In everyday interaction, it is important to see disabled people as independent individuals and treat them as such. There is still a tendency to focus solely on their need for help. Development agencies should stick to the principle of not judging people by what they can't do, but by what they can. Agencies must create the conditions for them to realise their full potential.


Overcoming barriers

Disabled people encounter many obstacles. This is especially evident in natural disasters and armed conflicts. A deaf child has no chance of escaping a tsunami if there are only sirens to warn of its approach. A blind woman cannot find the food aid station or the emergency shelter if only signs point the way. Someone in a wheelchair will not be able to reach aid facilities that are only accessible via stairs.

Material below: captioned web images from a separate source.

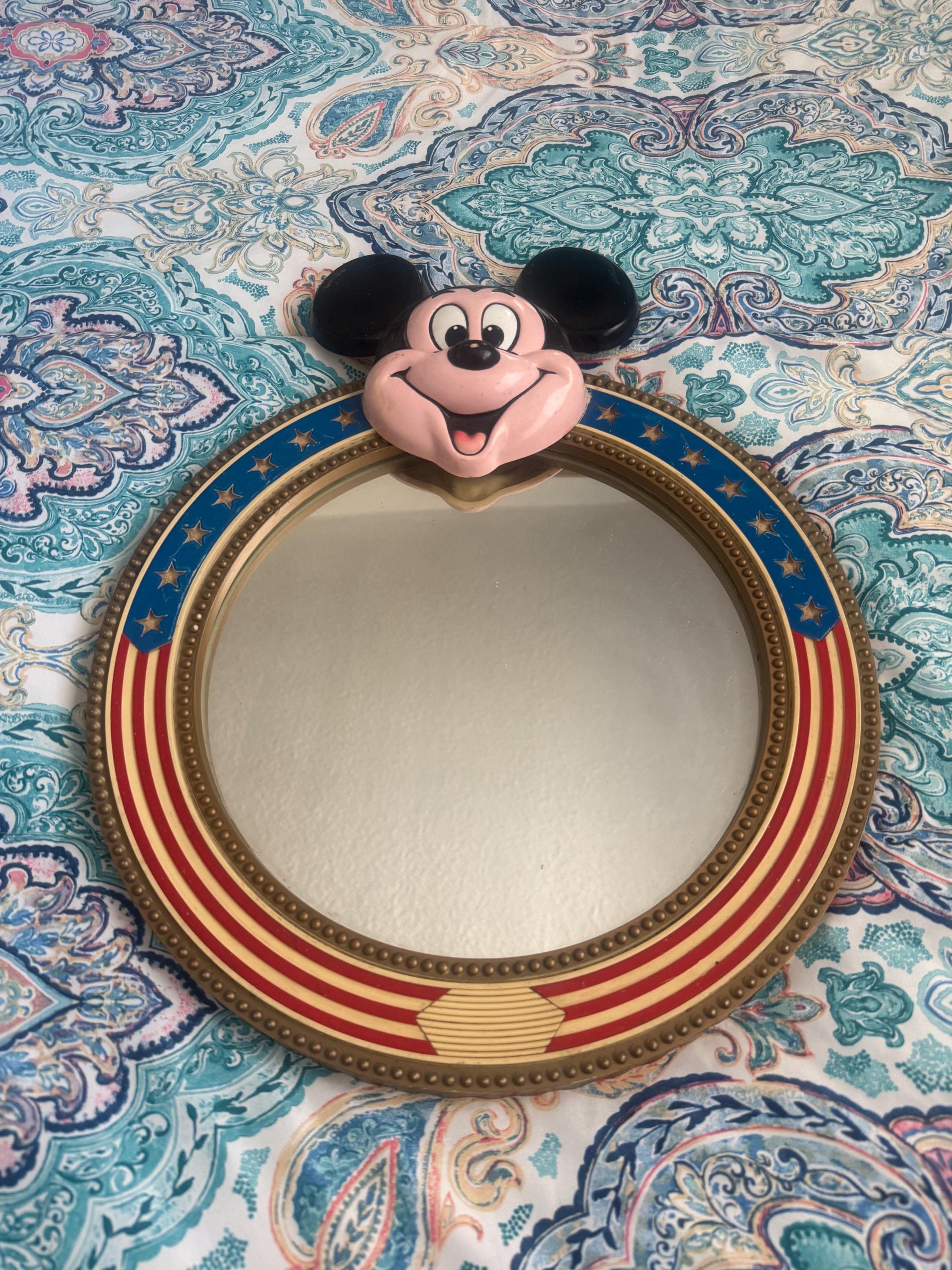 Mickey Mouse Compact Mirror - Etsy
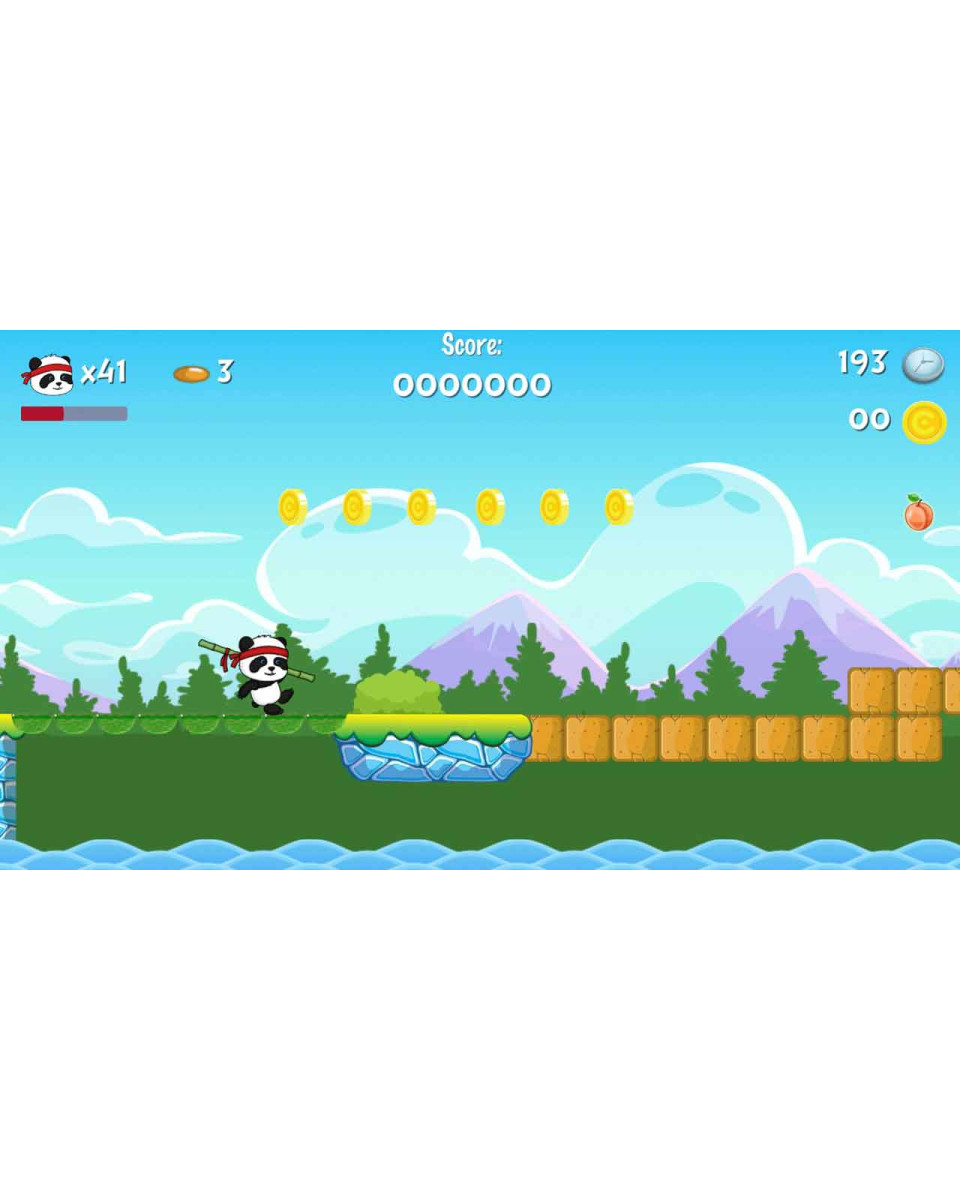Switch Panda Hero (Code in a Box) 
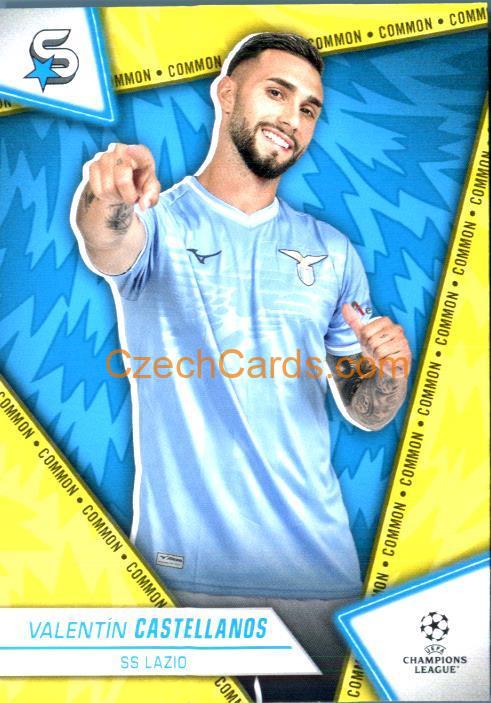 Valentín Castellanos 2023/24 Topps Superstars common #155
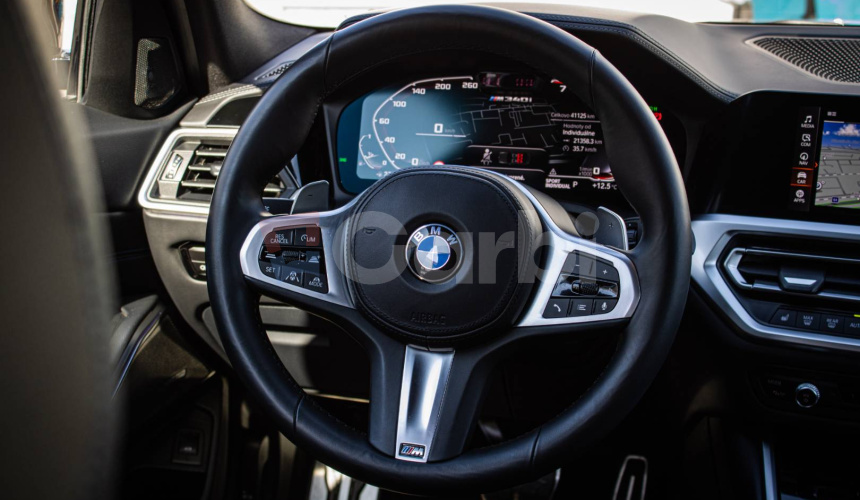 BMW Rad 3 M340i xDrive orig. M doplnky, TOP výbava, Laser svetlá, šíber, Asistenti, DPH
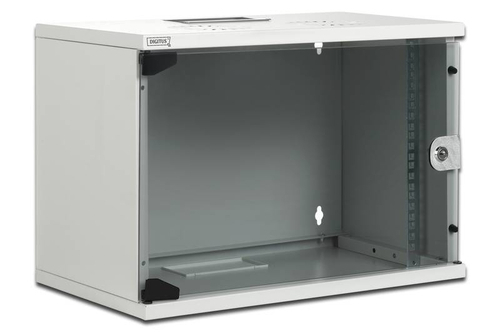 Digitus Επιτοίχια Καμπίνα Rack 9U 54x40x46cm Γκρι DN-19 09-U-S-1 - Image 2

Every humanitarian organisation must take accessibility into account. Doing so benefits other people as well: loudspeaker announcements help illiterate people; ramps serve children and the elderly.

Accessibility matters in everyday life – regarding, for instance, public transit, schools, workplaces and government offices. It means more than simply building escalators. Schools need teaching materials for visually impaired children, and government bureaucrats need training on how to interact with disabled people.

Sensitivity training and education, moreover, create opportunities for disabled people and improve their lives. Changes in attitudes make obstacles easier to overcome. Since last year, CBM and its local partners have been teaching regional authorities in Sri Lanka how to interact with people with disabilities. This project is funded by the EU and is yielding results. The district of Batticaloa has earmarked a share of its budget for creating new opportunities for disabled people, including a specially equipped reading room and accessible stands at the local market. These facilities give them better access to employment and education and thus allow them to lead more independent lives.

Inclusion is possible when politicians and civil society see it as an issue that concerns everyone and take it into account in development projects right from the start. It is high time for this to happen. A billion disabled people must no longer be ignored.


Rainer Brockhaus has directed the Communication and Programmes Division of the Christoffel-Blindenmission Deutschland e.V. since 2009 (CBM).